Wanneer query's binnenkomen, worden hun taken gepland op basis van fifo-principes (first-in-first-out). Als er niet-actieve capaciteit is, kan de scheduler een 'best passende' methode gebruiken om gelijktijdigheid te optimaliseren.
Wanneer de scheduler de brondruk identificeert, wordt er een schaalbewerking aangeroepen. Schaalaanpassing wordt autonoom beheerd en de back-endtopologie groeit naarmate de gelijktijdigheid toeneemt. Omdat het een paar seconden duurt om knooppunten te verkrijgen, is het systeem niet geoptimaliseerd voor consistente prestaties van subseconden van query's waarvoor gedistribueerde verwerking is vereist.

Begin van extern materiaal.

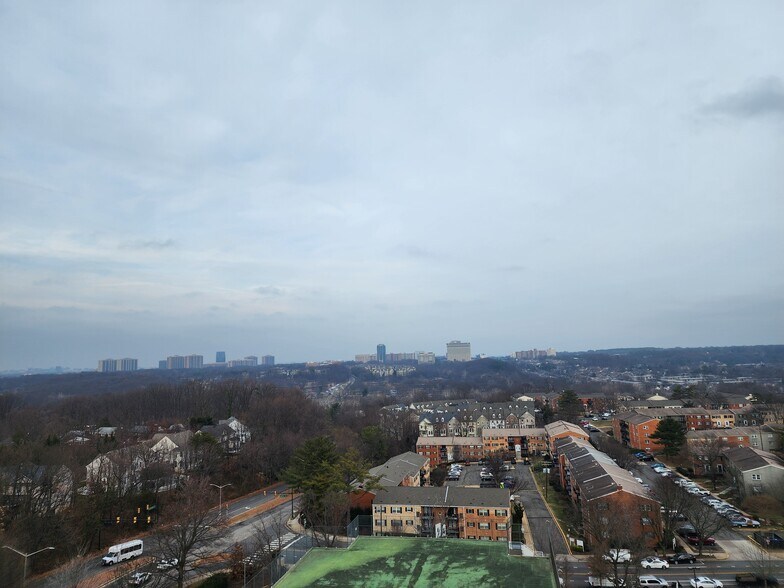 Building Photo - 301 N Beauregard St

Wanneer de druk afvalt, wordt de back-endtopologie omlaag geschaald en wordt de resource teruggezet naar de regio.
Isolatie van opname
Van toepassing op:✅ Warehouse in Microsoft Fabric
In de back-end-rekengroep van Warehouse in Microsoft Fabric worden laadactiviteiten voorzien van resource-isolatie van analytische workloads. Dit verbetert de prestaties en betrouwbaarheid, omdat opnametaken kunnen worden uitgevoerd op toegewezen knooppunten die zijn geoptimaliseerd voor ETL en die niet concurreren met andere query's of toepassingen voor resources.
Sessies
Het eindpunt voor warehouse- en SQL-analyse heeft een gebruikerssessielimiet van 724 per werkruimte. Wanneer deze limiet is bereikt, wordt een fout geretourneerd: The user session limit for the workspace is 724 and has been reached
.
Notitie
Omdat Microsoft Fabric een SaaS-platform is, zijn er veel systeemverbindingen die worden uitgevoerd om de omgeving continu te optimaliseren. DMV's tonen zowel systeem- als gebruikerssessies. Zie Monitor met DMV's voor meer informatie.
Aanbevolen procedures
De Microsoft Fabric-werkruimte biedt een natuurlijke isolatiegrens van het gedistribueerde rekensysteem. Workloads kunnen profiteren van deze grens om zowel kosten als prestaties te beheren.
OneLake-snelkoppelingen kunnen worden gebruikt om alleen-lezen replica's van tabellen in andere werkruimten te maken om de belasting over meerdere SQL-engines te verdelen, waardoor een isolatiegrens ontstaat. Dit kan het maximum aantal sessies dat alleen-lezenquery's uitvoert, verhogen.